Personal-vehicle idling wastes about 3 billion gallons of fuel— generating around 30 million tons  of CO2 annually in the United States.

Driving Tips

Internal combustion engines are polluting and their use should be minimized. Period. But if you must drive, keep these tips in mind...

Gas mileage decreases rapidly at speeds above 60 mph.
Each 5 mph you drive over 60 mph is like paying an additional $0.10 per gallon for gas.

Plan your trips before you go. 

Several short trips taken from a cold start can use twice as much fuel as a longer multipurpose  trip covering the same distance when the engine is warm. You will also avoid retracing your  route and reduce the distance you travel. You will not only save fuel, but also reduce wear and  tear on your car. 

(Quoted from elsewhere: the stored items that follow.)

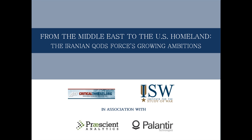On October 11, 2011, the Department of Justice revealed that U.S. officials had foiled a plot to kill the Saudi ambassador to the United States and plans to bomb the Saudi Arabian and Israeli embassies in Washington and Argentina.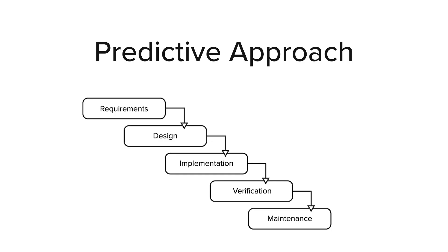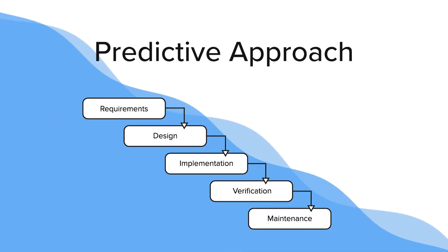But why is it called waterfall? Well, similar to a waterfall, how the water will flow in a single direction, hitting each level before it reaches the bottom, this is kind of how the predictive approach works. With a predictive approach, each phase needs to be completed one at a time in a sequential order, meaning that one task cannot begin until the one before it has been completed.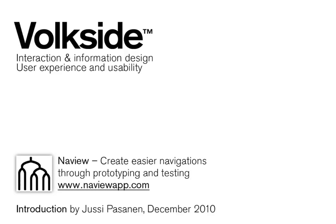Hi there, I'm Jussi from Volksite and I'm going to give you a quick demo of NavView, our Navigation Prototyping and Testing service.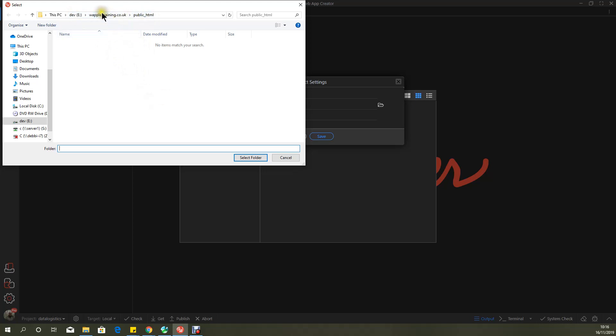And the reason I have this set up is that is how the FTP works within this particular domain, which is on waplerhosting.com. The FTP route will set to or point to Wappler Training Core UK. However, the actual web pages themselves go into the public HTML folder. And that's a really important concept that we'll be dealing with when we're dealing with FTP in the next session.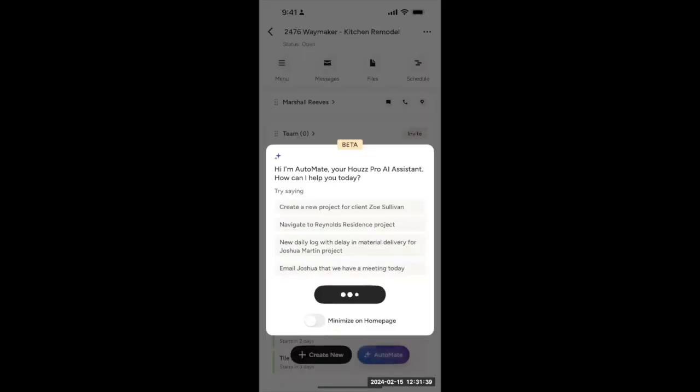I know we only went through a few common scenarios of how Automate can assist you. But even though this is early on in its infancy stages, it can do much, much more than what we just went through today. We're continuing to support more commands. And if you want a running list of what's supported, it'll be in our help articles. Thank you.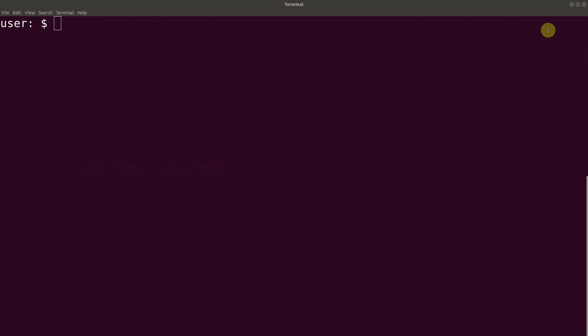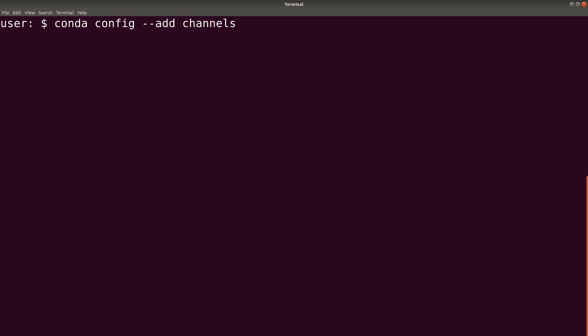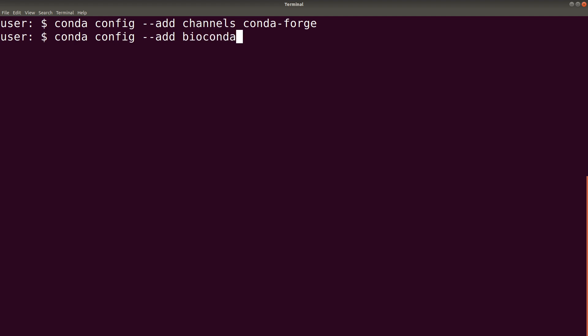You will add two channels. So first one is the CondaForge. So we say conda config --add channels CondaForge. The next channel is the BioConda. So we say conda config --add channels BioConda.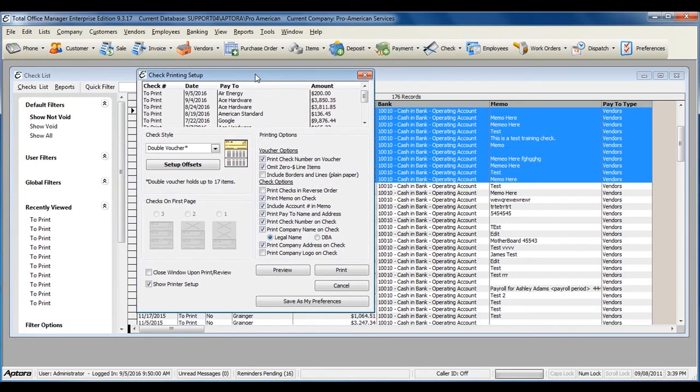When you are ready to print the checks and have verified all of the check printing options that you would like, click Print.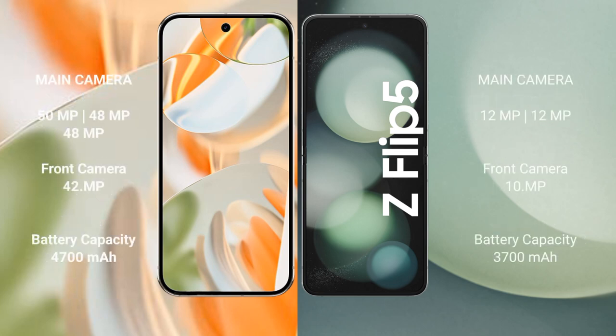Google Pixel 9 Pro features a triple rear camera setup with a 50MP main, 48MP ultrawide, and 48MP telephoto lens, plus a 42MP front camera. Samsung Galaxy Z Flip 5 features a dual rear camera setup with 12MP and 12MP lenses, and a 12MP front camera.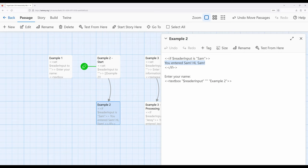We can also use a pattern we saw with the link macro — that is, we can re-transition to the same passage. However, this requires at least two passages to set up this pattern. Notice when I was looking at example two start, I was setting the initial value of the variable. The reason I'm doing it in a separate passage is because now in example two, the textbox when we press enter is going to come back to example two.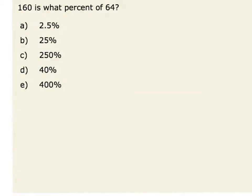In this problem, we want to know 160 is what percent of 64. The first thing we recognize is that our whole, or 100%, is 64. We want to know what percent of 64, our whole, is 160. Since 160 is greater than 64, we know that our answer has to be greater than 100%.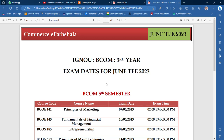Hey guys, welcome to Commerce Parts Shala and I hope that your exam preparation will be very good. For exam preparation, you have notes or assignments. Assignments are free of cost which you can get with your notes. You can purchase notes from us if you want, which is very helpful from your examination point of view.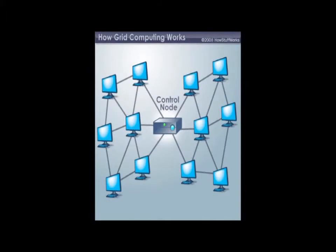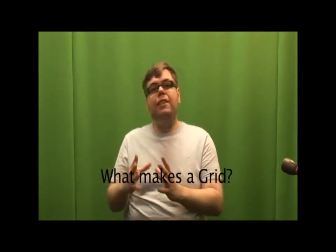Then you can submit jobs to the grid. That means you can tell the grid software, 'I want to perform this job' — and by job we mean processing some data or some computing task. The grid software will then match that job up to the available computers in the grid, and when those computers aren't busy, they will start processing the job. Essentially, you're taking all this spare processing power that you've already paid for and actually getting some use out of it.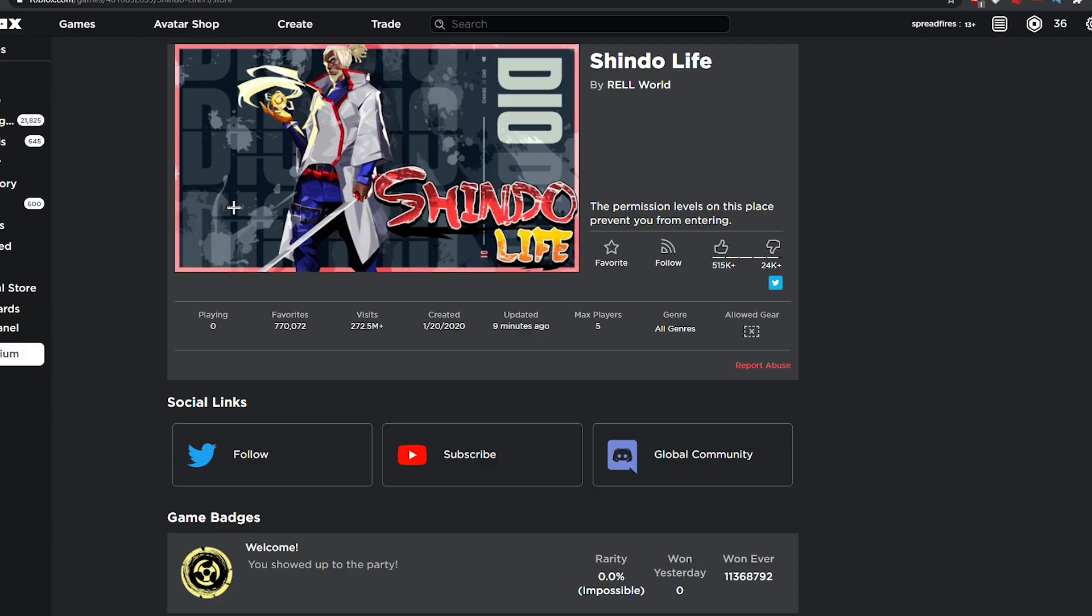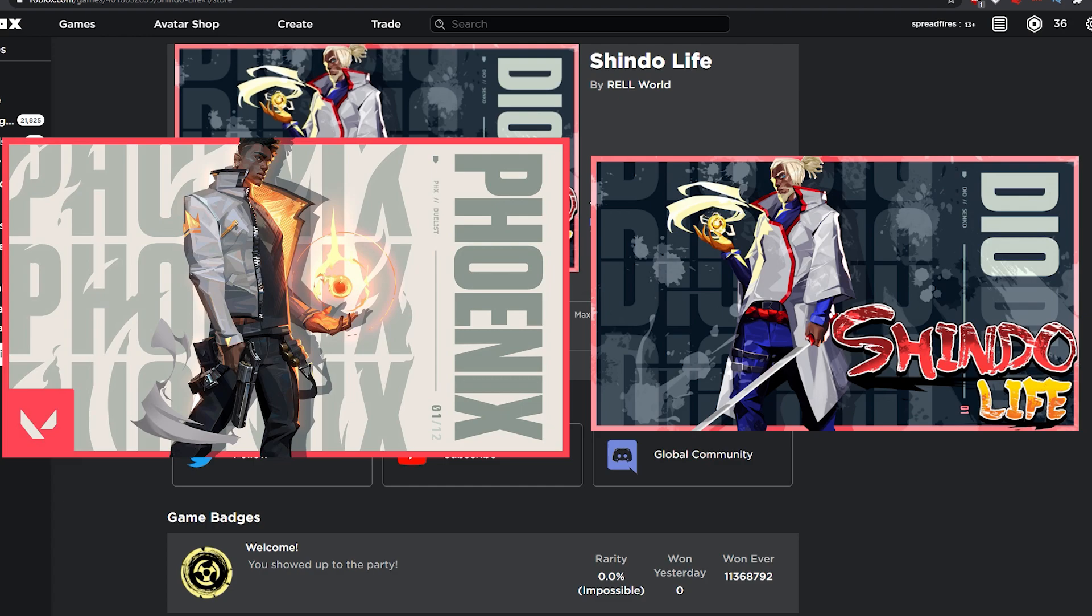Yo what's good guys, I got some news about the new Shinobi Life 2, things like the changes they had. If you notice on my screen right here, they have an entirely different name and a different thumbnail. The thumbnail kind of looks like the Valorant Phoenix banner thingy, I'll show you on the screen right now.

Idling gets 0 miles per gallon. 

You will save gas by turning the engine off and restarting it again if you expect to idle for more  than 10 seconds. You will also prevent pollution by avoiding long idles. Try parking your car  and going into restaurants, banks, and such instead of idling in drive-up lanes. You might even  finish your errands faster! Or, turn your car off while you’re in the line. Idling can consume as  much as a gallon of gas per hour. Idling also wastes more fuel than restarting the engine.

Keep tires properly inflated. 

Under inflated tires waste gas and affect the life of your tires. 

Myth #1

The engine should be warmed up before driving. Reality: Idling is not an effective way to warm  up your vehicle, even in cold weather. The best way to do this is to drive the vehicle. With  today’s modern engines, you need no more than 30 seconds of idling on winter days before  driving away. 

Myth #2

Idling is good for your engine. Reality: Excessive idling can actually damage your engine  components, including cylinders, spark plugs and exhaust systems. 

Myth #3

Shutting off and restarting your vehicle is hard on the engine and uses more gas than if you leave  it running. Reality: Frequent restarting has little impact on engine components like the battery  and the starter motor. Component wear caused by restarting the engine is estimated to add $10  per year to the cost of driving, money that will likely be recovered several times over in fuel 

savings from reduced idling. The bottom line is that over ten seconds of idling uses more fuel  than restarting the engine.